In this world there are those that live their everyday, expected lives and nothing happens, but there are those who don’t know they are a part of something bigger and magical, who can suddenly have their existence affected by a memetic incursion, finding themselves playing a lead role in a fairytale as one of its characters. And these aren’t the happy Disney tales we’ve become used to, but the darker, original ones filled with blood and death. Whether it’s a Snow White, Sleeping Beauty, Ugly Stepsister or Evil Queen, once the incursion has begun it’s very hard to put a stop to it.

Fortunately, there is a group known as the ATI Management Bureau that takes care of these incursions. They are trained professionals with a crack team in all areas, from research to communication when an incursion has begun, to sending out the right team to deal with said incursion. Of course, a number of the team are fairy tale characters who have had their memetic incursions held at bay or controlled and so know full well what they’re dealing with. But because this is a Seanan McGuire novel, nothing ever goes according to plan.
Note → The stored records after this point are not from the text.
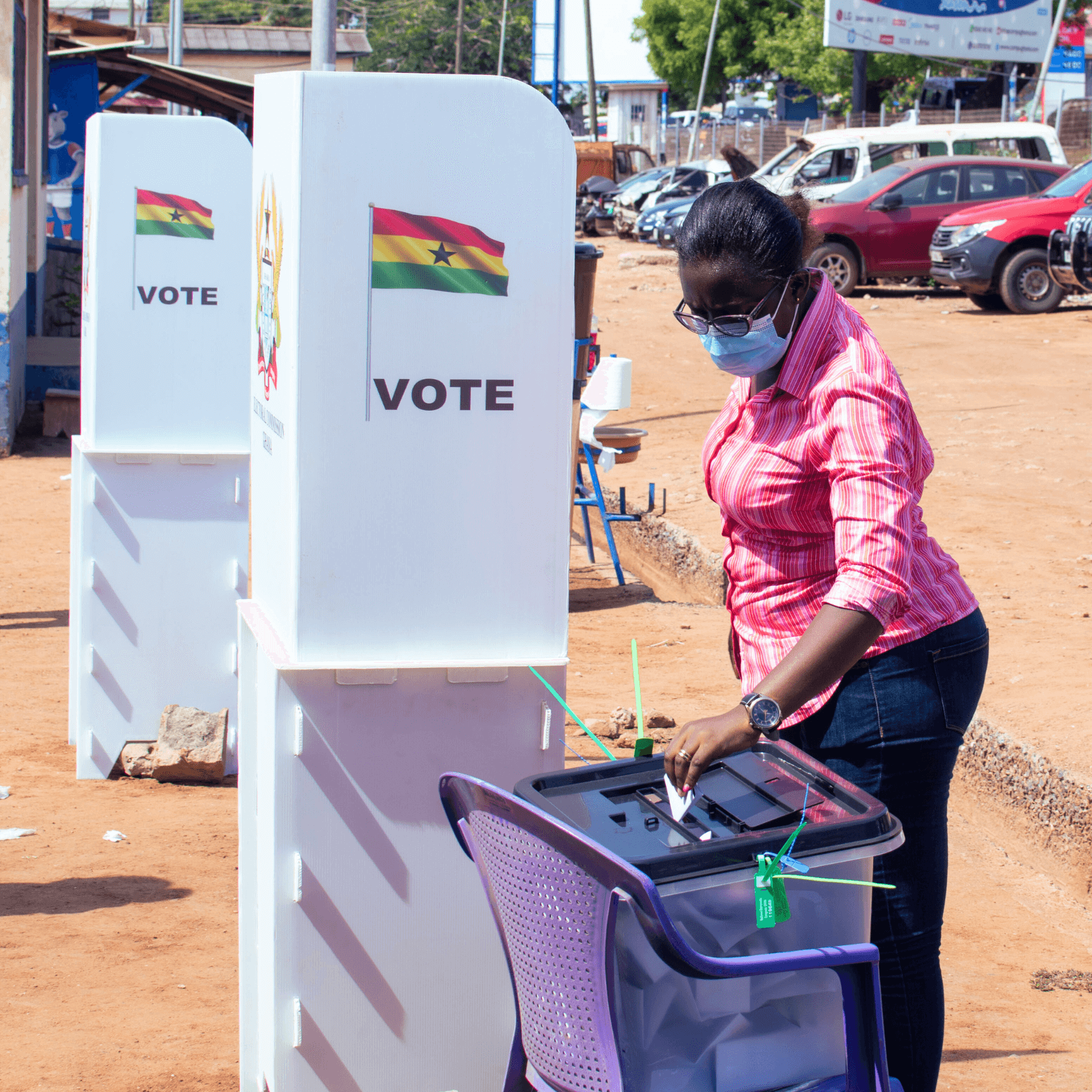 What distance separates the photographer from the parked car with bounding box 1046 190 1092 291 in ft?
46.9

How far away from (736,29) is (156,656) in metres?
49.0

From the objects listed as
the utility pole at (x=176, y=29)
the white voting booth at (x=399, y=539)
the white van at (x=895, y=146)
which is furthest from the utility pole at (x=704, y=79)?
the white voting booth at (x=399, y=539)

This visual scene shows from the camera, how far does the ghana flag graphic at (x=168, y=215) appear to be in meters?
5.11

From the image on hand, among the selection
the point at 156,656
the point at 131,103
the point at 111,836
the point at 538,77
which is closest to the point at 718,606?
the point at 156,656

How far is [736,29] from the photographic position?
49.7 m

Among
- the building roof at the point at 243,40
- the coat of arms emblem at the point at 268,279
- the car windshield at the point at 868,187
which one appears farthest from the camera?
the building roof at the point at 243,40

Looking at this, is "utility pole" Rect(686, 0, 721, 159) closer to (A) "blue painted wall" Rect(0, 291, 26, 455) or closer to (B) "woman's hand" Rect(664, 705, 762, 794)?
(A) "blue painted wall" Rect(0, 291, 26, 455)

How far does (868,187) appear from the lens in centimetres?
1889

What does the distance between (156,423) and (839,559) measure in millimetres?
3749

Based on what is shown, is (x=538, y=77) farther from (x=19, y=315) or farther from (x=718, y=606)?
(x=718, y=606)

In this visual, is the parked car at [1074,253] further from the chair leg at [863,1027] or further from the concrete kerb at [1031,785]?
the chair leg at [863,1027]

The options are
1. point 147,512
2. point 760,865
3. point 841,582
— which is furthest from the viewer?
point 147,512

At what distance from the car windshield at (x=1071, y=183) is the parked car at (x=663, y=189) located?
11468mm

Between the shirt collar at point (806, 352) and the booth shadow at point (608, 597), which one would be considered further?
the booth shadow at point (608, 597) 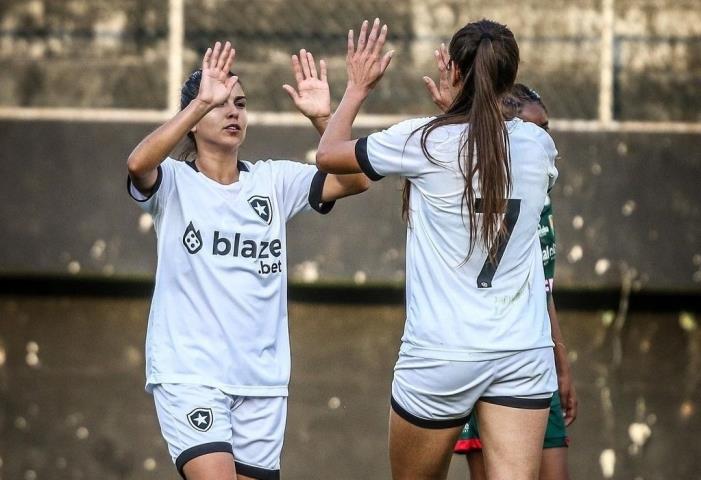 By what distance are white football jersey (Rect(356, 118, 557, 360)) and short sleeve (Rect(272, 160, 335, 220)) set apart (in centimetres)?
69

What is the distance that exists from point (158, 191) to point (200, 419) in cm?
82

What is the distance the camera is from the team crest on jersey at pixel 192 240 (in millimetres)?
4254

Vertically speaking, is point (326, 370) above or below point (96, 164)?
below

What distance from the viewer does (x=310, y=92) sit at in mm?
4461

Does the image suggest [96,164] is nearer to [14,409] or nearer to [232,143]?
[14,409]

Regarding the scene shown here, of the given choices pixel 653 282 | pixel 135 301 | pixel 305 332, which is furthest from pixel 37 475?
pixel 653 282

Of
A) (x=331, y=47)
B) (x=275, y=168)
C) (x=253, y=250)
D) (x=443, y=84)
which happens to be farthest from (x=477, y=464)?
(x=331, y=47)

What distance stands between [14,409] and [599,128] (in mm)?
3546

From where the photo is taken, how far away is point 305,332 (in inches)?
260

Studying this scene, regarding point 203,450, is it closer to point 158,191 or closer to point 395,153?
point 158,191

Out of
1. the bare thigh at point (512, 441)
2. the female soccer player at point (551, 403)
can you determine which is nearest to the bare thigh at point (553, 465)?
the female soccer player at point (551, 403)

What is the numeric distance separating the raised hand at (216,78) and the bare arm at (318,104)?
0.80 feet

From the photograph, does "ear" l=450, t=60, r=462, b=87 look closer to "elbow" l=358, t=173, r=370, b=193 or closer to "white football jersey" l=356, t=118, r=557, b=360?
"white football jersey" l=356, t=118, r=557, b=360

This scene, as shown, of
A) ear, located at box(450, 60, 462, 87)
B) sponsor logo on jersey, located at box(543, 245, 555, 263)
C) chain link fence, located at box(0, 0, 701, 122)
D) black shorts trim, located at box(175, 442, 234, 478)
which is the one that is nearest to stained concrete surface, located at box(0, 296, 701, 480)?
chain link fence, located at box(0, 0, 701, 122) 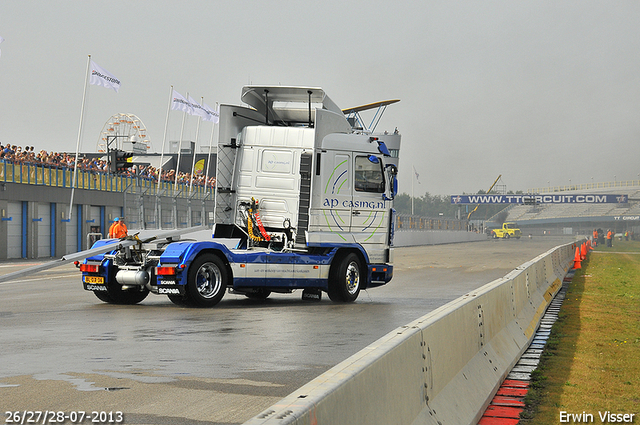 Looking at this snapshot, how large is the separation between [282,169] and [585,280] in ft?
41.6

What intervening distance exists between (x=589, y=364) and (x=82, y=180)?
125ft

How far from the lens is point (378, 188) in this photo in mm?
15891

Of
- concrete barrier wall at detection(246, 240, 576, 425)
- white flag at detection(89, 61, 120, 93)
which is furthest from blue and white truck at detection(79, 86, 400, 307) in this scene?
white flag at detection(89, 61, 120, 93)

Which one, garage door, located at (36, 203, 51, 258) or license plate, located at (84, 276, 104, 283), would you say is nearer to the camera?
license plate, located at (84, 276, 104, 283)

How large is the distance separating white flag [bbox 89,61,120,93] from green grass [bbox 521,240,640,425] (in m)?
29.5

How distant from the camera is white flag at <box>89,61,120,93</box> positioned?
1543 inches

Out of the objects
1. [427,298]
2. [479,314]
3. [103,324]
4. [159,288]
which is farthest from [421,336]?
[427,298]

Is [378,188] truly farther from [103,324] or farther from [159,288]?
[103,324]

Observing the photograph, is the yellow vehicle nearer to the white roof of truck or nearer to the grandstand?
the grandstand

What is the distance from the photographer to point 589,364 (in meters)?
8.73

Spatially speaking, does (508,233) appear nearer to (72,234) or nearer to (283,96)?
(72,234)

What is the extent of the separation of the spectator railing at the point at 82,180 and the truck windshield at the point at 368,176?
16.4 meters

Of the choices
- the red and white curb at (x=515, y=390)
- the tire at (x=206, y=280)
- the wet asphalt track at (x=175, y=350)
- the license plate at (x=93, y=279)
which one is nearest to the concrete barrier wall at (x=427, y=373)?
the red and white curb at (x=515, y=390)

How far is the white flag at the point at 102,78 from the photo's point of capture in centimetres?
3919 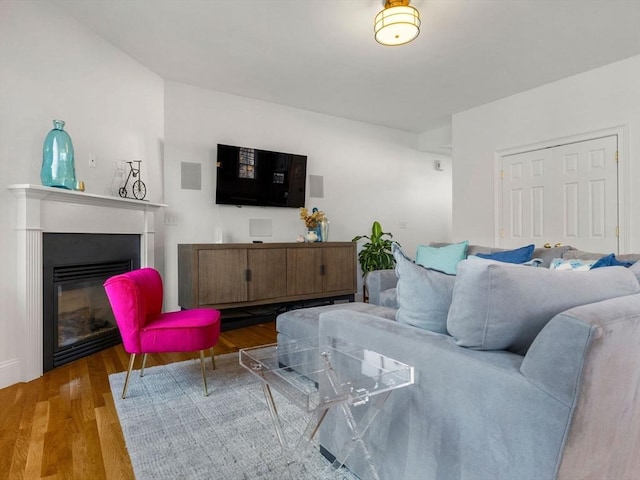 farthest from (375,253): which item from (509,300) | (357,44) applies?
(509,300)

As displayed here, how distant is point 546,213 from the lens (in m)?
4.36

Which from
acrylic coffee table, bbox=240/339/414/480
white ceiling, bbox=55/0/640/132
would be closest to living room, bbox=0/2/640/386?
white ceiling, bbox=55/0/640/132

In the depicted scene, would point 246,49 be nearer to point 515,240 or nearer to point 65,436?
point 65,436

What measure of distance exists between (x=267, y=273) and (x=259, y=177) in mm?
1235

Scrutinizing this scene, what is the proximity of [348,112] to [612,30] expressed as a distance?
297cm

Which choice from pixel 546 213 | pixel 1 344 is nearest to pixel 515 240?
pixel 546 213

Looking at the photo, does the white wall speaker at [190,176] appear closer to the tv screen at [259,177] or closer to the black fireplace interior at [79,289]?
the tv screen at [259,177]

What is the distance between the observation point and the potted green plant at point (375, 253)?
17.9ft

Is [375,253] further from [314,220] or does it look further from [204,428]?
[204,428]

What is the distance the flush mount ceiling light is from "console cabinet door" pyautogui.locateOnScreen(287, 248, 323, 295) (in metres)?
2.46

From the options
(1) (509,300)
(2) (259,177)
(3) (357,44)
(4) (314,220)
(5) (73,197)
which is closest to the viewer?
Result: (1) (509,300)

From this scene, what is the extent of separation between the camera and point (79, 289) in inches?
124

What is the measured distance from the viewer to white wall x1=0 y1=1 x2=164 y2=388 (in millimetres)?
2490

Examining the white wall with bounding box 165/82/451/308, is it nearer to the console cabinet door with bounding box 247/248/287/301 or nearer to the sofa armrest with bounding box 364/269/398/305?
the console cabinet door with bounding box 247/248/287/301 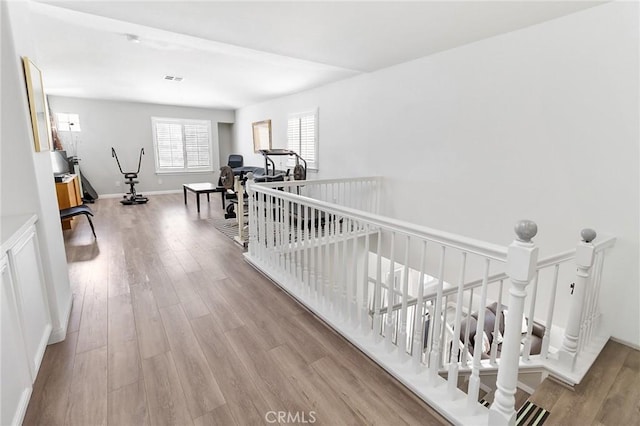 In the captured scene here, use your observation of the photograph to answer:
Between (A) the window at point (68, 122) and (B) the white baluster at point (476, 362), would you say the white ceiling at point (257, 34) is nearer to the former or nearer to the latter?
(B) the white baluster at point (476, 362)

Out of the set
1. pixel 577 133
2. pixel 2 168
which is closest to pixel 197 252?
pixel 2 168

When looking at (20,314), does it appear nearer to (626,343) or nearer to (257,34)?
(257,34)

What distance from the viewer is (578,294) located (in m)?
1.88

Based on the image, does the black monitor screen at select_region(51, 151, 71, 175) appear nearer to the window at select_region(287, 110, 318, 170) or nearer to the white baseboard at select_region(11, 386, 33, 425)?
the window at select_region(287, 110, 318, 170)

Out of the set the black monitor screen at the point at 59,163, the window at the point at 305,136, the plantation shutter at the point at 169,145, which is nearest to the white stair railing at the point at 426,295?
the window at the point at 305,136

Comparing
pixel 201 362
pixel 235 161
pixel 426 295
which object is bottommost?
pixel 201 362

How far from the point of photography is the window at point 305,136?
227 inches

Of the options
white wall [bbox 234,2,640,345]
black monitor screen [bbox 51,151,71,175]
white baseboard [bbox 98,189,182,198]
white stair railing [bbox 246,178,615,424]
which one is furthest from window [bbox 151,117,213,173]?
white stair railing [bbox 246,178,615,424]

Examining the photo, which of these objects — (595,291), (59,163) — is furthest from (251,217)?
(59,163)

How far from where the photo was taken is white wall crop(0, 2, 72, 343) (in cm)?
178

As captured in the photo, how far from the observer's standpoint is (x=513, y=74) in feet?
9.46

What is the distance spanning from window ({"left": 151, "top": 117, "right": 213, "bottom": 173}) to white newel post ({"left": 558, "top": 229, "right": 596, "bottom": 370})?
8866 millimetres

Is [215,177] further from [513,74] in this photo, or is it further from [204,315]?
[513,74]

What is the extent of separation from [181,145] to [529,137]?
27.2 feet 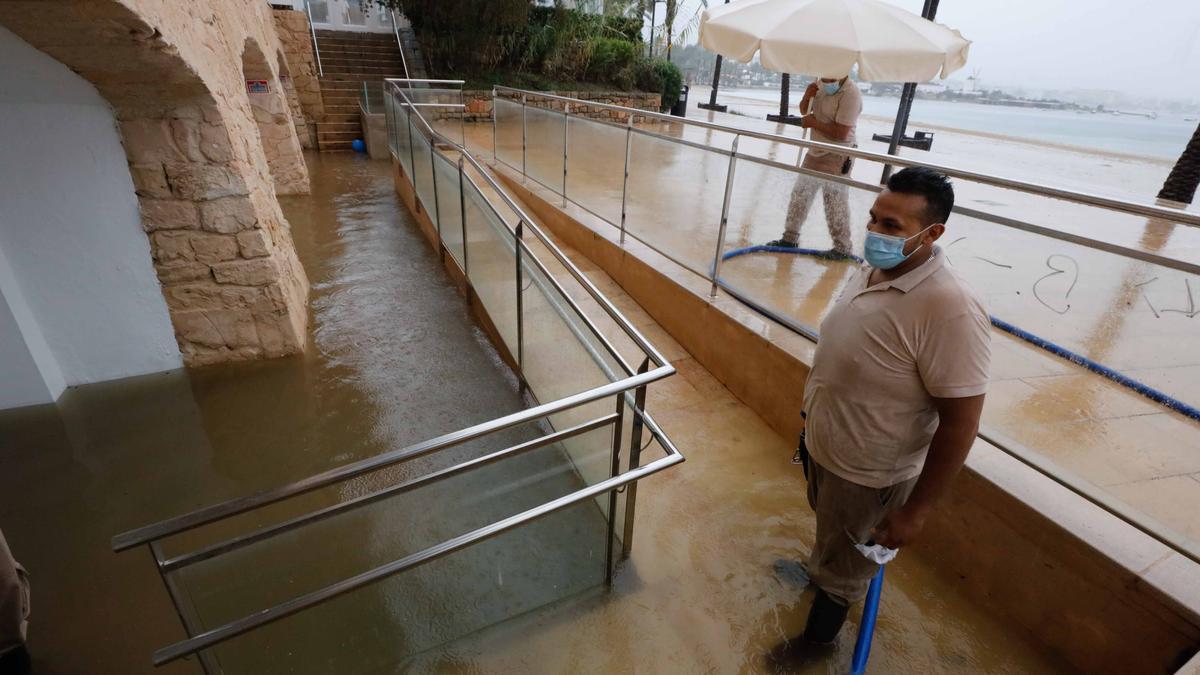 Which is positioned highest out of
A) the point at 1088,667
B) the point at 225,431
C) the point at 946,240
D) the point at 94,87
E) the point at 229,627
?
the point at 94,87

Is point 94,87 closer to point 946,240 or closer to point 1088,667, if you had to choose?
point 946,240

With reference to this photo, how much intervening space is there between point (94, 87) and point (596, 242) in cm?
363

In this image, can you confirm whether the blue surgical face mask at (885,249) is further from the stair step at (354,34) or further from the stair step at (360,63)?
the stair step at (354,34)

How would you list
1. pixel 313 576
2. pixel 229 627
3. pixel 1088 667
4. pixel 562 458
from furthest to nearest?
pixel 562 458, pixel 313 576, pixel 1088 667, pixel 229 627

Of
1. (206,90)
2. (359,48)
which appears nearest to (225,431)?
(206,90)

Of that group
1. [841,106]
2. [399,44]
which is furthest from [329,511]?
[399,44]

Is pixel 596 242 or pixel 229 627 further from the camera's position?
pixel 596 242

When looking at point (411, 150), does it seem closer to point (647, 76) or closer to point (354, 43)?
point (354, 43)

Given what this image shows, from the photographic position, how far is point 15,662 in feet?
6.56

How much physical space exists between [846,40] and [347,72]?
14.0 meters

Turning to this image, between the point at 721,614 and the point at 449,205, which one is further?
the point at 449,205

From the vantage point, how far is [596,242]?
536 cm

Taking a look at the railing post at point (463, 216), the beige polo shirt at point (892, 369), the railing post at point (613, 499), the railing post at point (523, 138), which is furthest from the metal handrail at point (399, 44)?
the beige polo shirt at point (892, 369)

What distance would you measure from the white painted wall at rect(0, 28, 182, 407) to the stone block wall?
33.7 ft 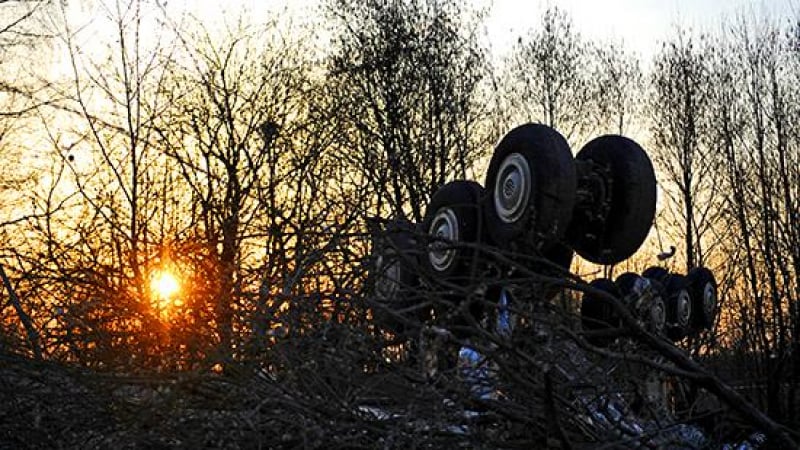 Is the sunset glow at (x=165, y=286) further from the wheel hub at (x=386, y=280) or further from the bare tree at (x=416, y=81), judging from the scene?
the bare tree at (x=416, y=81)

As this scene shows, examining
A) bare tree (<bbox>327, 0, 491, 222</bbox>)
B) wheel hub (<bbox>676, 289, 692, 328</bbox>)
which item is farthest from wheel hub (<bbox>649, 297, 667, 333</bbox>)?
bare tree (<bbox>327, 0, 491, 222</bbox>)

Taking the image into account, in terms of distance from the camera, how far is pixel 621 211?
21.4ft

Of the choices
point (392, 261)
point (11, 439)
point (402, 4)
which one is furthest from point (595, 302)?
point (402, 4)

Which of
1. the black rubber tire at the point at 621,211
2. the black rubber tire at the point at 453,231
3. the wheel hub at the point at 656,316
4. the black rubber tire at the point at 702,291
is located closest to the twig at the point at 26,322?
the black rubber tire at the point at 453,231

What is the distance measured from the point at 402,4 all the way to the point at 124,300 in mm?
17626

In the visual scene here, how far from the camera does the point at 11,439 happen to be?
3.62 meters

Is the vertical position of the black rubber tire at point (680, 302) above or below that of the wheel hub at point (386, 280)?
above

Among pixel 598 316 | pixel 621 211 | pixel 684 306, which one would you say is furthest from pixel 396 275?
pixel 684 306

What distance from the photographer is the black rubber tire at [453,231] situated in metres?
3.29

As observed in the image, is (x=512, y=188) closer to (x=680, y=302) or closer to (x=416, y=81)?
(x=680, y=302)

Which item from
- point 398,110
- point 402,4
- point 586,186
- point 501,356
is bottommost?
point 501,356

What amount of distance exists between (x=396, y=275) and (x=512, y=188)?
316cm

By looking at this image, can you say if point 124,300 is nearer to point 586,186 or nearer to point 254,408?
point 254,408

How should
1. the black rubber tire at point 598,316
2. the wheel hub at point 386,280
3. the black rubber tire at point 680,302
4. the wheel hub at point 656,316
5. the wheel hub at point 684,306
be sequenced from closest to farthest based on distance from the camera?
the black rubber tire at point 598,316 → the wheel hub at point 386,280 → the wheel hub at point 656,316 → the black rubber tire at point 680,302 → the wheel hub at point 684,306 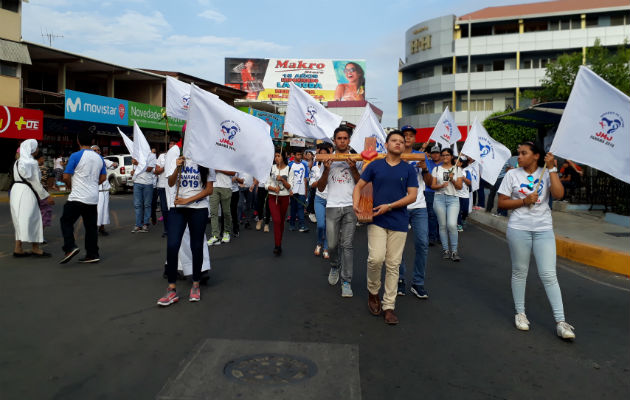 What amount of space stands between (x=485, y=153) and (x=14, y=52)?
20.2m

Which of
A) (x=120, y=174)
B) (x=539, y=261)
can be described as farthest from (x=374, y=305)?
(x=120, y=174)

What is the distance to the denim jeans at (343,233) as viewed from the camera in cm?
586

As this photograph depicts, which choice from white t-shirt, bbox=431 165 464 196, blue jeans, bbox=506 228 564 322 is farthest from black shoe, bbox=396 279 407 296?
white t-shirt, bbox=431 165 464 196

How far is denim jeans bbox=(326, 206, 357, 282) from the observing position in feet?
19.2

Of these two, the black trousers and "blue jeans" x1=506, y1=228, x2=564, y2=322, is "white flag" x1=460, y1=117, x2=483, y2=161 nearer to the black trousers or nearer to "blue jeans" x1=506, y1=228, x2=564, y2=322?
"blue jeans" x1=506, y1=228, x2=564, y2=322

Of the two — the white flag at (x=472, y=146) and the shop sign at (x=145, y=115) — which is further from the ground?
the shop sign at (x=145, y=115)

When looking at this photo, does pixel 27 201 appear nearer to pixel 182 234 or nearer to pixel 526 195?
pixel 182 234

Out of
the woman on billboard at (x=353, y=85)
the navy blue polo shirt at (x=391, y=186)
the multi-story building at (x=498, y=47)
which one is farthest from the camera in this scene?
the woman on billboard at (x=353, y=85)

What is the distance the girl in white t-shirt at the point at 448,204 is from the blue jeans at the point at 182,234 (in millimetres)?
3968

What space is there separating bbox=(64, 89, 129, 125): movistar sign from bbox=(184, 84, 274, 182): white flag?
18.9 meters

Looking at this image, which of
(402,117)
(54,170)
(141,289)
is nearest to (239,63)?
(402,117)

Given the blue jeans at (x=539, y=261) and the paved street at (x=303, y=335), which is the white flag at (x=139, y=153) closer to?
the paved street at (x=303, y=335)

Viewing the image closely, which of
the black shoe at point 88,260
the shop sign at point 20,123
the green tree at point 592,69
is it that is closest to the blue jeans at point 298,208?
the black shoe at point 88,260

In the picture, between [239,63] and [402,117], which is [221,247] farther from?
[402,117] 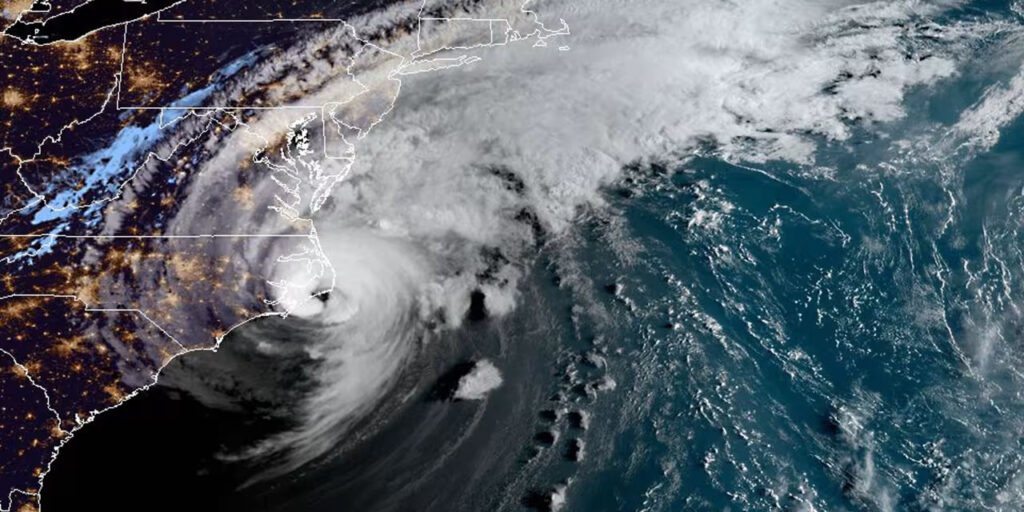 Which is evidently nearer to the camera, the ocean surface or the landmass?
the landmass

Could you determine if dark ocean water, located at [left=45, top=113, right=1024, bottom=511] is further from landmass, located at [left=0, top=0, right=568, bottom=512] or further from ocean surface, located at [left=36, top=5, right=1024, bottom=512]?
landmass, located at [left=0, top=0, right=568, bottom=512]

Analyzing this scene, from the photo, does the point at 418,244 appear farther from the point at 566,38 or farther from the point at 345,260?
the point at 566,38

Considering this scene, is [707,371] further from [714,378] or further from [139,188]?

McGuire has taking an interesting premise, using her knowledge and research (she holds a degree in fairytales and mythology), as well as what she has learned from her other series, and brings it all together in a fun adventure story that turns many of the fairytales we consider ourselves very familiar with completely on their heads. She amps the drama and keeps the conflicts cropping up and building from chapter to chapter.

Originally written on April 18, 2014 ©Alex C. Telander.